There are nearly 12 million disabled people in the UK, and sailing offers the unique opportunity for all of these people to participate on a level playing field.
RYA Sailability is the RYA’s programme for disabled sailing and was established to encourage and support people with disabilities to take up sailing and other boating activities and integrate them into the boating community. Since its inception in 1997 over 53,000 people with a disability have been able to experience sailing through the programme each year, with some 15,000 participating on a regular basis.
Debbie Blachford, RYA Sailability Manager, said: “Sailing is a very inclusive and diverse sport. There is no reason anyone should not be able to get afloat and have a go. All of our Sailability sites are run by experienced, skilled and enthusiastic volunteers offering a variety of flexible and enjoyable sessions on specially adapted boats.”
There are many ways to start sailing, regardless of disability, and with over 200 Sailability sites across the UK there are many options for anyone wanting to give it a try.
One of these sites, Wealden Sailability, based in Sevenoaks, Kent, was recently awarded the Queens Award for Volunteering.
Initially formed in 2008 as Bough Beech Sailability, the group moved to its current location at Chipstead Sailing Club in 2011.
Recent years have seen impressive expansion in the number of people sailing at the club, going from around six regular participants to having up to 30 at any one session in recent years.
The group, supported by around 70 regular volunteers, run sessions twice a week on Tuesday and Thursday evenings from April through to October. The group has grown rapidly in recent years from around 328 participants to more than 1,300 this year.

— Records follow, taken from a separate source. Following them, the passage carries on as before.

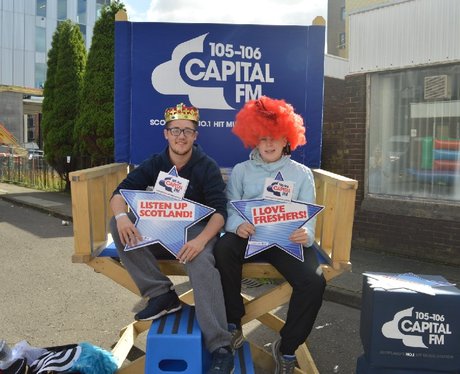 Were you pap'd by the Capital Street Stars?
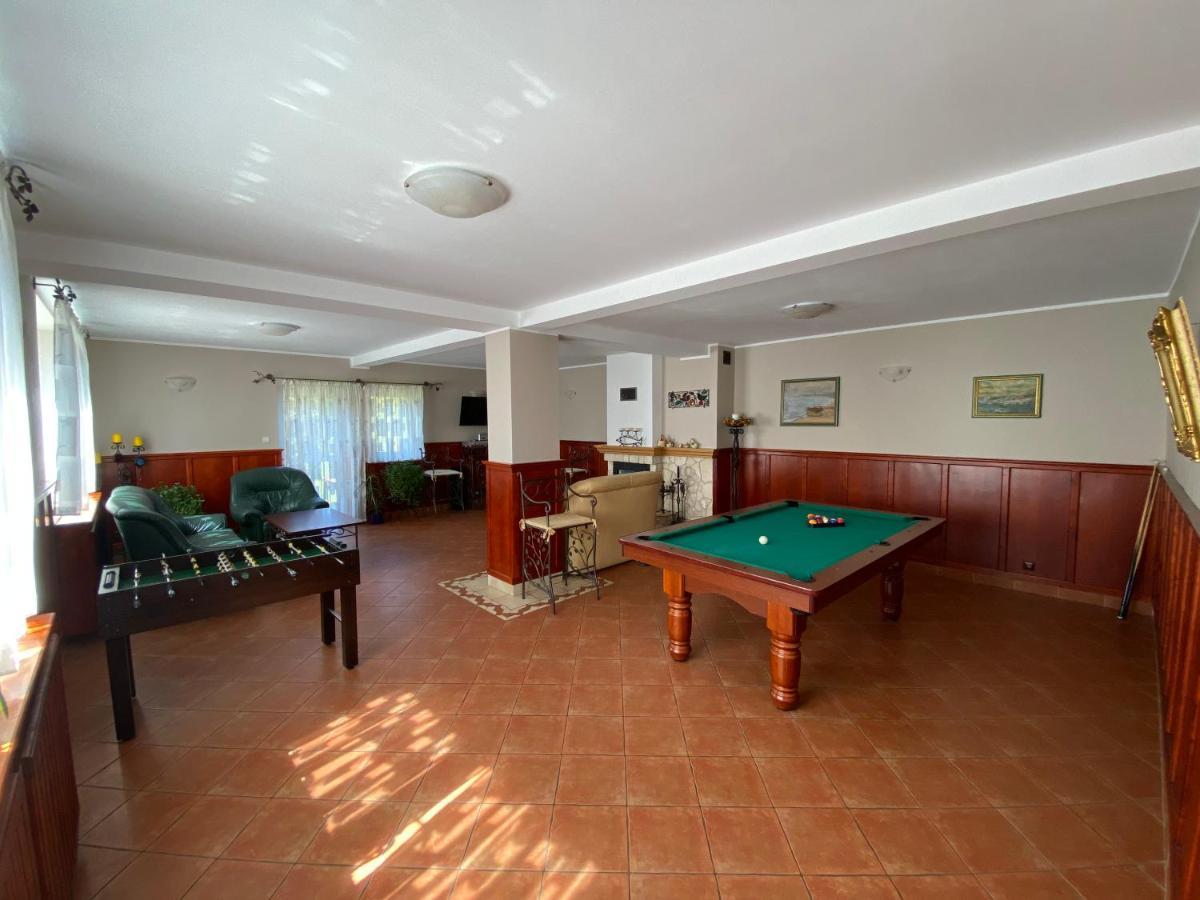 Villa Holma *** Agroturystyka Zbychowo Exteriér fotografie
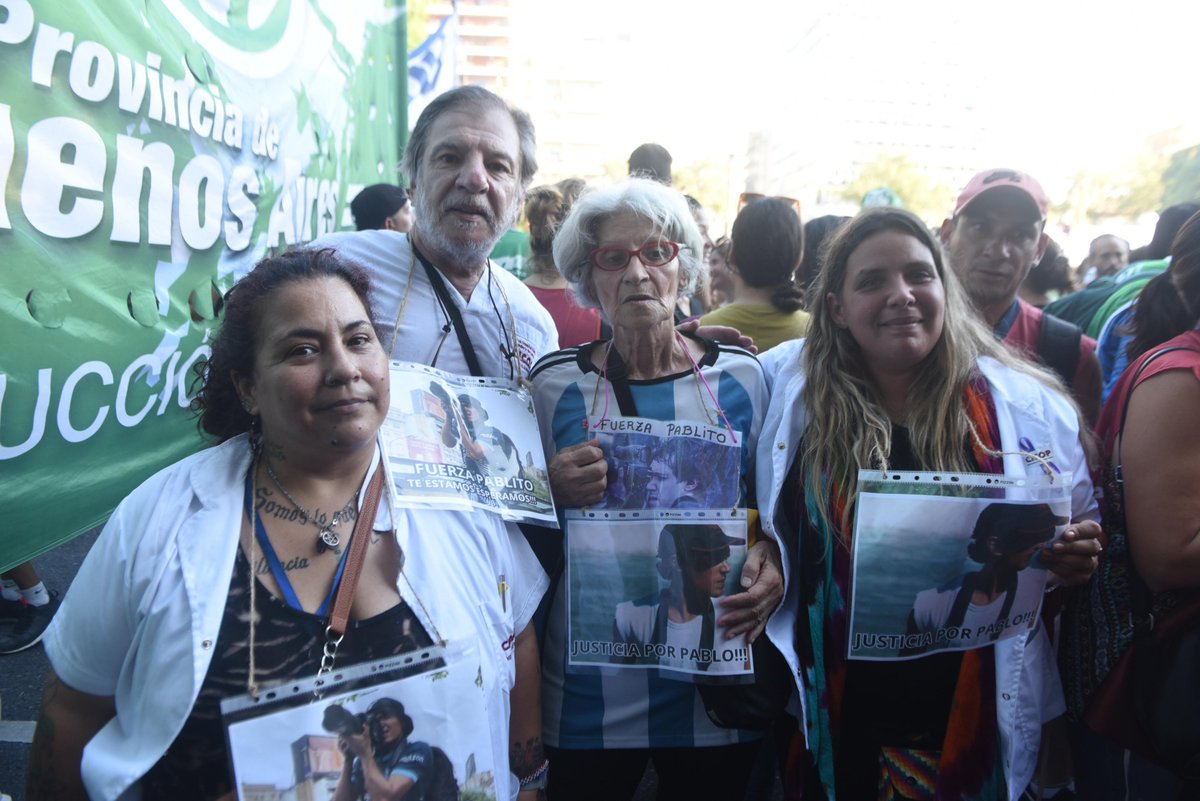 CICOP_ok's tweet photo. 🔴 Acompañamos hoy a lxs jubiladxs en el #Congreso para expresar nuestro apoyo a sus legítimos reclamos por aumento de emergencia, medicamentos sin cargo y prórroga de la moratoria previsional.

#BastaDeAjuste y represión!
Lxs jubiladxs no son casta!
Justicia por #PabloGrillo! https://t.co/fdsrXBjJMK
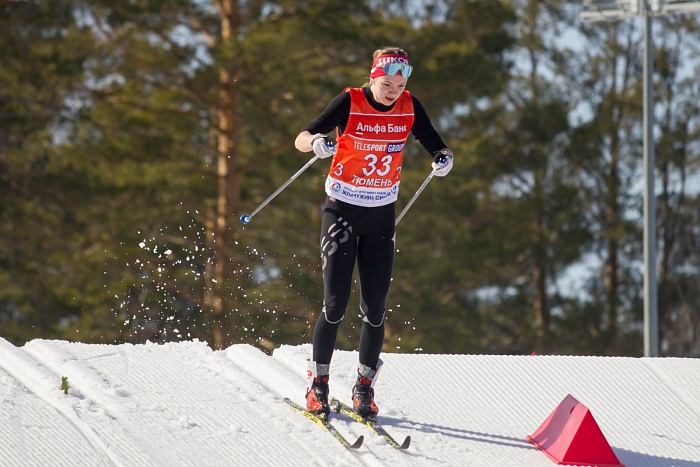Чемпионат России по лыжным гонкам в Тюмени. 6-й соревновательный день. Женский масс-старт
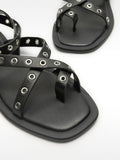 Sandalias Planas Con Tiras Y Tachuelas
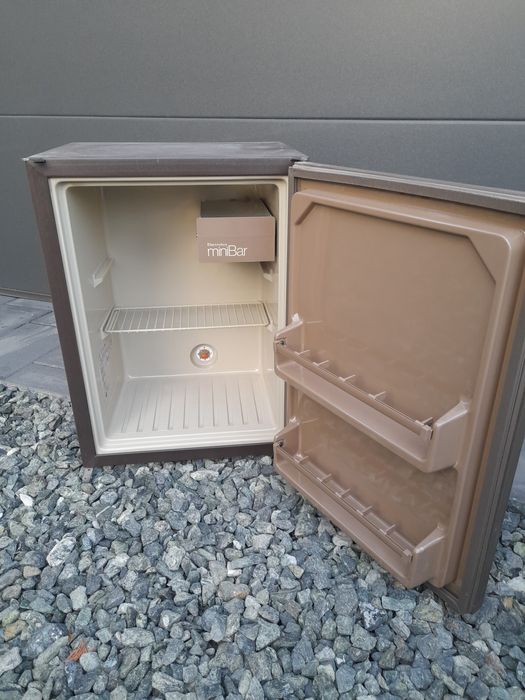 Mała lodówka 230V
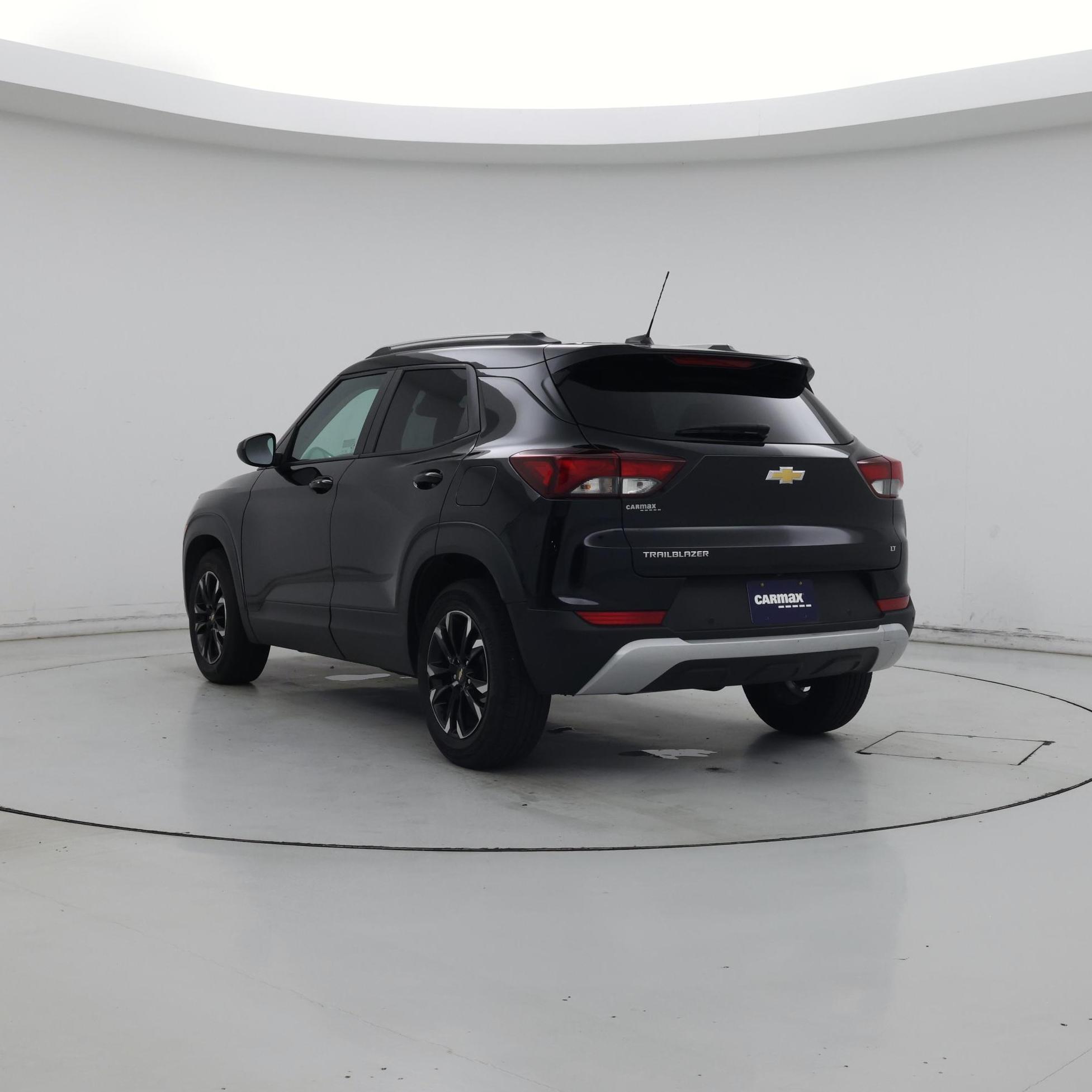 Thumbnail: 2023 Chevrolet TrailBlazer - 2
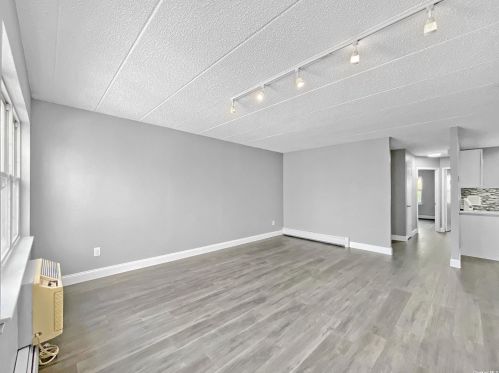 150-39 Yates Rd, Jamaica, NY 11433-1932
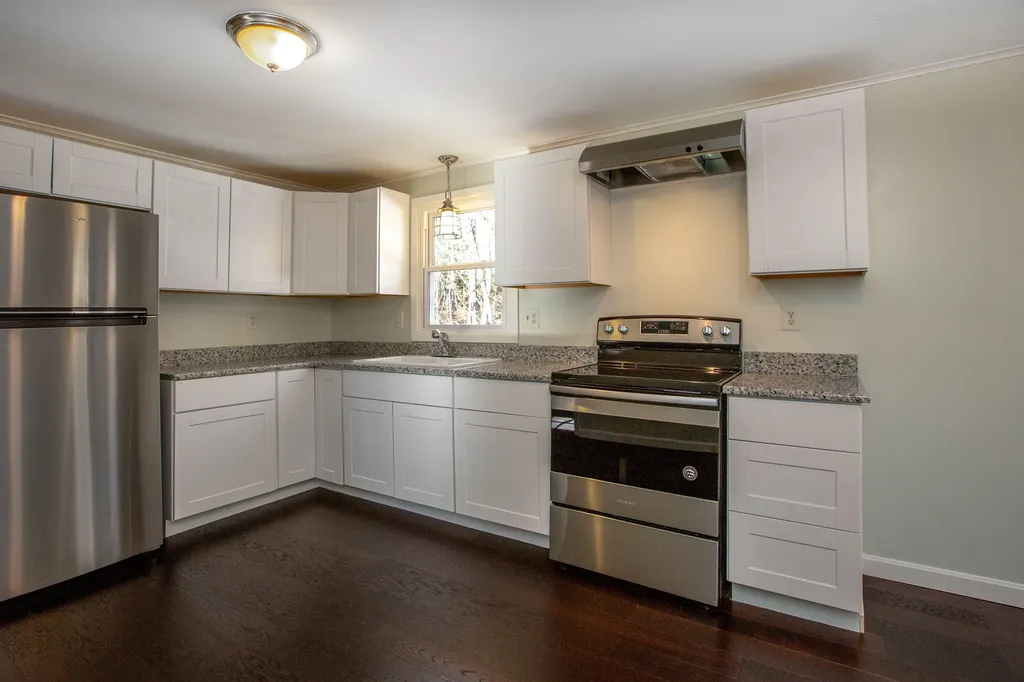 18 Wakefield Lane West Gardiner ME 04345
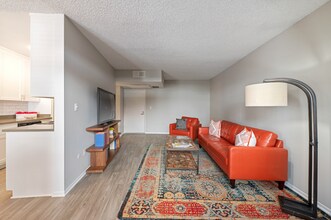 The Highland at Sherman Oaks in Sherman Oaks, CA - Foto de edificio - Building Photo
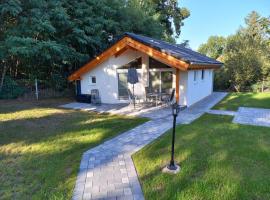 NEU! Ferienhaus am See，位于Prötzel的酒店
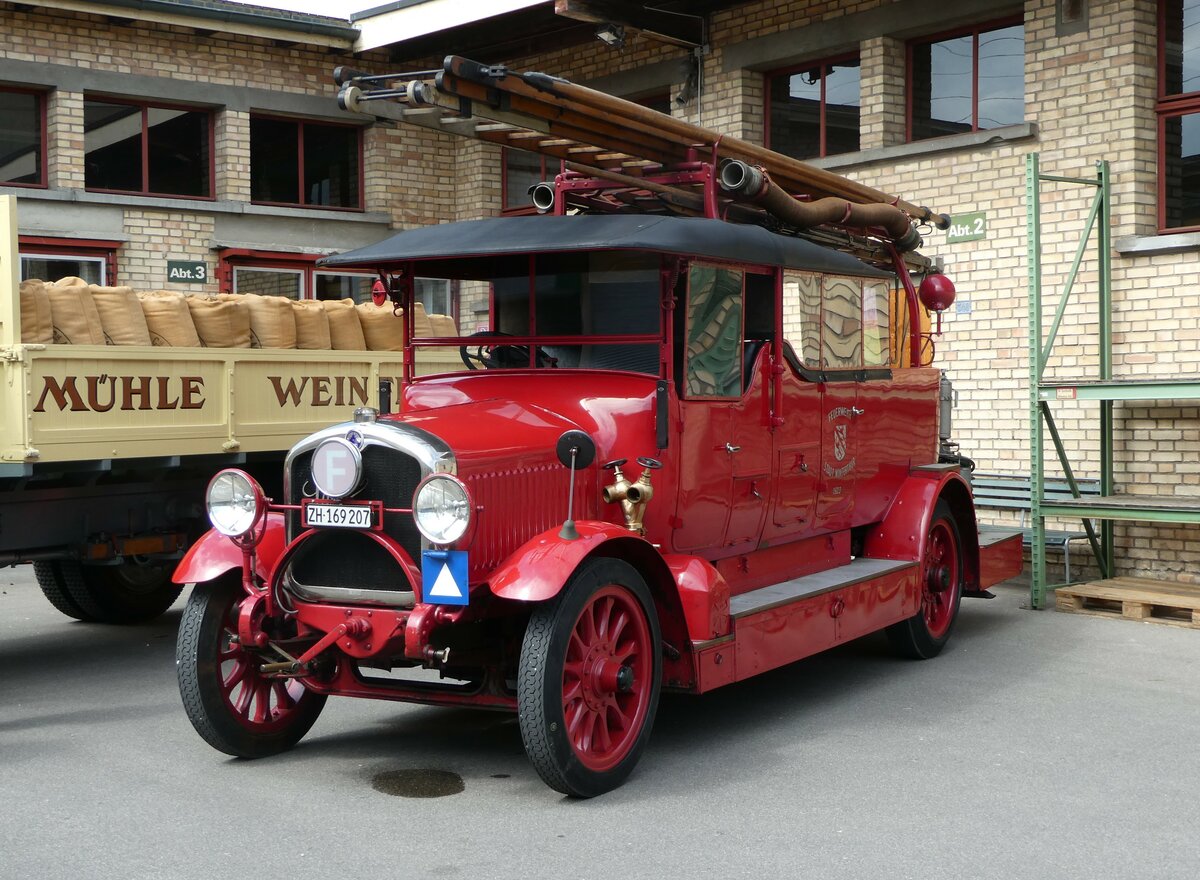 (249'763) - Feuerwehr, Winterthur - ZH 169'207 - Saurer am 6. Mai 2023 in Attikon, Wegm�ller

Wealden Sailability Trustee and volunteer John King believes the group is thriving because of the spirit of fun and enjoyment that runs through every session.
“When we were presented with the Queen’s Award, the father of one of our regular sailors said that the best thing about us is that each session is fun, and we pride ourselves on that.
“If someone wants to come and sail with us for the whole day or just an hour or two, they are welcome to.
“We have a whole range of people. We have 60-70 year-old stroke victims racing alongside seven-year-olds who are on the Autism spectrum.
“Since 2008 we have built up a fleet of around 19 specially adapted boats for our clients to use. We have three Laser Stratos keelboats, an RS Venture keelboat, as well as a few Martin 16 boats for the racers.
Emma Dakin, from Lutterworth, Leicestershire, has sailed at Northampton Sailability for the past ten years. Having been blind from birth, Emma believes that sailing offers her something that other sports have been unable to.
“I used to sail at school very independently and I really enjoyed it, but then I had my family and did not have the time for it. Once my youngest started school I had a bit more time to do some hobbies again. I was having a tough time and had tried various sports, but none of them gave me a lot of joy until I took up sailing again.
“I gained my Dinghy Level 2 from a mainstream training centre, and after that I joined Northampton Sailability.
“The man who ran the course was so lovely and he had great communication skills. When I first started, I asked if he wanted to see my piece of paper, but he said no, you tell me what you can do and I will believe you, and that was so refreshing that he had faith in me.”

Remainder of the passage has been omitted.